Impact of Combining Syntactic and Semantic Similarities on Patch Prioritization while using the Insertion Mutation Operators

Patch prioritization ranks candidate patches based on their likelihood of being correct. The fixing ingredients that are more likely to be the fix for a bug, share a high contextual similarity. A recent study shows that combining both syntactic and semantic similarity for capturing the contextual similarity, can do better in prioritizing patches. In this study, we evaluate the impact of combining the syntactic and semantic features on patch prioritization using the Insertion mutation operators. This study inspects the result of different combinations of syntactic and semantic features on patch prioritization. As a pilot study, the approach uses genealogical similarity to measure the semantic similarity and normalized longest common subsequence, normalized edit distance, cosine similarity, and Jaccard similarity index to capture the syntactic similarity. It also considers Anti-Pattern to filter out the incorrect plausible patches. The combination of both syntactic and semantic similarity can reduce the search space to a great extent. Also, the approach generates fixes for the bugs before the incorrect plausible one. We evaluate the techniques on the IntroClassJava benchmark using Insertion mutation operators and successfully generate fixes for 6 bugs before the incorrect plausible one.
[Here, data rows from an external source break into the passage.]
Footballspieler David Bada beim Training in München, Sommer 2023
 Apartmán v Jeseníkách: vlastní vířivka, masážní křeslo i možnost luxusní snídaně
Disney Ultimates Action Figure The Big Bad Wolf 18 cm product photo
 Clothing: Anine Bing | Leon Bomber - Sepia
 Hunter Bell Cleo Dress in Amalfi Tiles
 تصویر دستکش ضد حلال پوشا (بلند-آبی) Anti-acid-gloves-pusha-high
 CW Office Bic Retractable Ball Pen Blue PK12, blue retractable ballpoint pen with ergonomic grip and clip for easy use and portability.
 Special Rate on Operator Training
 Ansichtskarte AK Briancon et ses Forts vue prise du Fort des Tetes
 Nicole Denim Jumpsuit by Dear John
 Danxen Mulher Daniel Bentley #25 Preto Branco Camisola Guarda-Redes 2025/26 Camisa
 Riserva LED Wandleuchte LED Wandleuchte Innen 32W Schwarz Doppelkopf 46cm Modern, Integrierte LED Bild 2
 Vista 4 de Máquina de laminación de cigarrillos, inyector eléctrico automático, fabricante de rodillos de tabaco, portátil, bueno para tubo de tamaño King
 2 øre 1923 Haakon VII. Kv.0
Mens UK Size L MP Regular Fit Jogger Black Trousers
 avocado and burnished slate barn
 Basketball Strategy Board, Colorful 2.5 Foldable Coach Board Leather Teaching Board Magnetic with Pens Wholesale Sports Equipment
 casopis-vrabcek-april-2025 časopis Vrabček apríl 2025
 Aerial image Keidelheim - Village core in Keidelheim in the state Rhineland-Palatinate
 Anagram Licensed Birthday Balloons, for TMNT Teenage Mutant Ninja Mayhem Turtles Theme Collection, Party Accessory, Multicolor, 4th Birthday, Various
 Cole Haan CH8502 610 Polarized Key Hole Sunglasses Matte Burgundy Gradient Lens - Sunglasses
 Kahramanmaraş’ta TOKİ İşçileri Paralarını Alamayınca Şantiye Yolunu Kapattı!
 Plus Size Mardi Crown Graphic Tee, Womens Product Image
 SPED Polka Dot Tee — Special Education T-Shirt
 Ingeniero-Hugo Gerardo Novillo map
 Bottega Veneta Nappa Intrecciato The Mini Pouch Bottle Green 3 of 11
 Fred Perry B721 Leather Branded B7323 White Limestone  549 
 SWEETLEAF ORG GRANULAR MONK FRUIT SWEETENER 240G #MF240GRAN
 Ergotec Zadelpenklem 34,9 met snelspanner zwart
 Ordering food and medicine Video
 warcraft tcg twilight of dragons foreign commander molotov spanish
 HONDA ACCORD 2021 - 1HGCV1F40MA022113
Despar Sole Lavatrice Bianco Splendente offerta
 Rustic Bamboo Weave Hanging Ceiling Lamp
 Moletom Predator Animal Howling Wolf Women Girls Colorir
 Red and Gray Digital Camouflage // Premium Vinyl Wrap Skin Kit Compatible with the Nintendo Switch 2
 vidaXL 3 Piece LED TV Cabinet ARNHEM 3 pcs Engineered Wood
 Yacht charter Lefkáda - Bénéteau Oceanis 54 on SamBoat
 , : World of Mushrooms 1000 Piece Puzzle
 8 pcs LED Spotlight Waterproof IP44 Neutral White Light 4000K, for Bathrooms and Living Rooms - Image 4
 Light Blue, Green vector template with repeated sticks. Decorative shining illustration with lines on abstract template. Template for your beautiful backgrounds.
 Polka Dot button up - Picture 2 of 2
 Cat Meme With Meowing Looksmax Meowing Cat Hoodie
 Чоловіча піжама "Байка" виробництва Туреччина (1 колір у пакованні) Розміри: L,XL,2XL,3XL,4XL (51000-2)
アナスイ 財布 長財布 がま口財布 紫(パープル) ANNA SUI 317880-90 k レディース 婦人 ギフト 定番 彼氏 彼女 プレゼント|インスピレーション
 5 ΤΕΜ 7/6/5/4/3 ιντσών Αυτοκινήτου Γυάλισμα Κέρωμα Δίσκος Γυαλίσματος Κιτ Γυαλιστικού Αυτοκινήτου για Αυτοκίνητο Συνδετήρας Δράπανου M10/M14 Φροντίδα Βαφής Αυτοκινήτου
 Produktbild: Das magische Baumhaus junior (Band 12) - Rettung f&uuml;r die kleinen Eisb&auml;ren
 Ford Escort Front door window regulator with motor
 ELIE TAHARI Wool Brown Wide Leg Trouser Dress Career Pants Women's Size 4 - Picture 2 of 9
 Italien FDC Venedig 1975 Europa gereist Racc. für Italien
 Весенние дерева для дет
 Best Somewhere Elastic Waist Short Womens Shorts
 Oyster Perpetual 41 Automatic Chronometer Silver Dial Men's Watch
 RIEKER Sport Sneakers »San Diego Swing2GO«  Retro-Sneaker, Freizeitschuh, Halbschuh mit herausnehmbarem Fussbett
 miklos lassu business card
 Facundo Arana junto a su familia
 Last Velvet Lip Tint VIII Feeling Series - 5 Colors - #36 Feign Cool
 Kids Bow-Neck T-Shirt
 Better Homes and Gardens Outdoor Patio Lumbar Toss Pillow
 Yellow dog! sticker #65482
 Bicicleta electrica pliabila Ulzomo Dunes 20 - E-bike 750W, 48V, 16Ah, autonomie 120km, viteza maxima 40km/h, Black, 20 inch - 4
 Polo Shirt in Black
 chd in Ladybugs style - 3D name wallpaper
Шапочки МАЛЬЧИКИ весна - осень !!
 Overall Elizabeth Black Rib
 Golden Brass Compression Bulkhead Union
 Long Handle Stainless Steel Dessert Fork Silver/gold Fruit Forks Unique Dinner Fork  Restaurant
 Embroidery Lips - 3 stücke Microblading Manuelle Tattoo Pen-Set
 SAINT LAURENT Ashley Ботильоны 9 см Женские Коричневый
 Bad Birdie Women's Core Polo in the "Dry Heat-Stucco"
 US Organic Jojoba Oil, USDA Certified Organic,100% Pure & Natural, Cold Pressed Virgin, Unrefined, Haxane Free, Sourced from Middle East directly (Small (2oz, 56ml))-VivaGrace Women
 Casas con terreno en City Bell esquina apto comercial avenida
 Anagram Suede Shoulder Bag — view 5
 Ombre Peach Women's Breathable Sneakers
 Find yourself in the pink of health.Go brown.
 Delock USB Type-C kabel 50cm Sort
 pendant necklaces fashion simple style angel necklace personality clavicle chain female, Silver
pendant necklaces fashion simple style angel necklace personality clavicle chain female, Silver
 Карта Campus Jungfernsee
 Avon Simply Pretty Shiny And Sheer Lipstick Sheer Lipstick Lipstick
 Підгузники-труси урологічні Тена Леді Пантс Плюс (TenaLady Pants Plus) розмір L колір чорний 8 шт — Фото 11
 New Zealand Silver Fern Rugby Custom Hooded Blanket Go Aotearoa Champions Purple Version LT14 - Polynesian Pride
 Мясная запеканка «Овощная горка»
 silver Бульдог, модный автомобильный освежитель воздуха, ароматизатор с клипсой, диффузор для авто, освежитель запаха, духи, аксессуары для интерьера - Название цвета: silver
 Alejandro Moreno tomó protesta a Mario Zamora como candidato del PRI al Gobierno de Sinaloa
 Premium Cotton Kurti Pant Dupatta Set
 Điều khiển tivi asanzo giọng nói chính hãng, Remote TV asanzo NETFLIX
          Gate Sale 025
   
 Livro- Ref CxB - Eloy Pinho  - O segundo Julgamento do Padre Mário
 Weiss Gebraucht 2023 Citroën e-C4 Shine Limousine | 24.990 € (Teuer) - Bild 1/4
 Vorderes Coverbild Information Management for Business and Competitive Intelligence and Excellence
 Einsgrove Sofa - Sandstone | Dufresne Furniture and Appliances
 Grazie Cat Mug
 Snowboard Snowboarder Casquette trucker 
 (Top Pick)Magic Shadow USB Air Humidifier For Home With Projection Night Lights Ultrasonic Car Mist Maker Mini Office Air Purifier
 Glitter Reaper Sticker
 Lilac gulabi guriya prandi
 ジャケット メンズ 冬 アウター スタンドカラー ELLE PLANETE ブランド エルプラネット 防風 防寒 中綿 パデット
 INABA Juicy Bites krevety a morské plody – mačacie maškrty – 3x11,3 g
So, considering the previous study, the approach of combining syntactic and semantic similarity can able to solve a total number of 25 bugs from the benchmark, and to the best of our knowledge, it is the highest number of bugs solved than any other approach. The correctness of the generated fixes are further checked using the publicly available results of CapGen and thus for the generated fixes, the approach achieves a precision of 100%

翻译：补丁优先级排序根据候选补丁的正确可能性对其进行排序。更可能修复缺陷的修复成分共享较高的上下文相似性。最近一项研究表明，结合句法和语义相似度来捕捉上下文相似性，可以在补丁优先级排序中取得更好效果。在本研究中，我们评估了使用插入变异算子时，结合句法和语义特征对补丁优先级排序的影响。本研究考察了句法和语义特征的不同组合对补丁优先级排序的结果。作为一项初步研究，该方法使用谱系相似度来衡量语义相似度，并采用归一化最长公共子序列、归一化编辑距离、余弦相似度和Jaccard相似度指数来捕捉句法相似度。同时，还考虑了反模式以过滤出错误的合理补丁。句法和语义相似度的结合可以大幅减少搜索空间。此外，该方法能在错误的合理补丁之前生成缺陷修复方案。我们使用插入变异算子对IntroClassJava基准测试集进行了评估，并成功在错误的合理补丁之前为6个缺陷生成了修复方案。因此，结合前期研究，这种结合句法和语义相似度的方法能够从基准测试集中总共解决25个缺陷，据我们所知，这是比任何其他方法解决的缺陷数量最多的。生成的修复方案的正确性进一步通过公开可用的CapGen结果进行了验证，因此对于生成的修复方案，该方法达到了100%的精确率。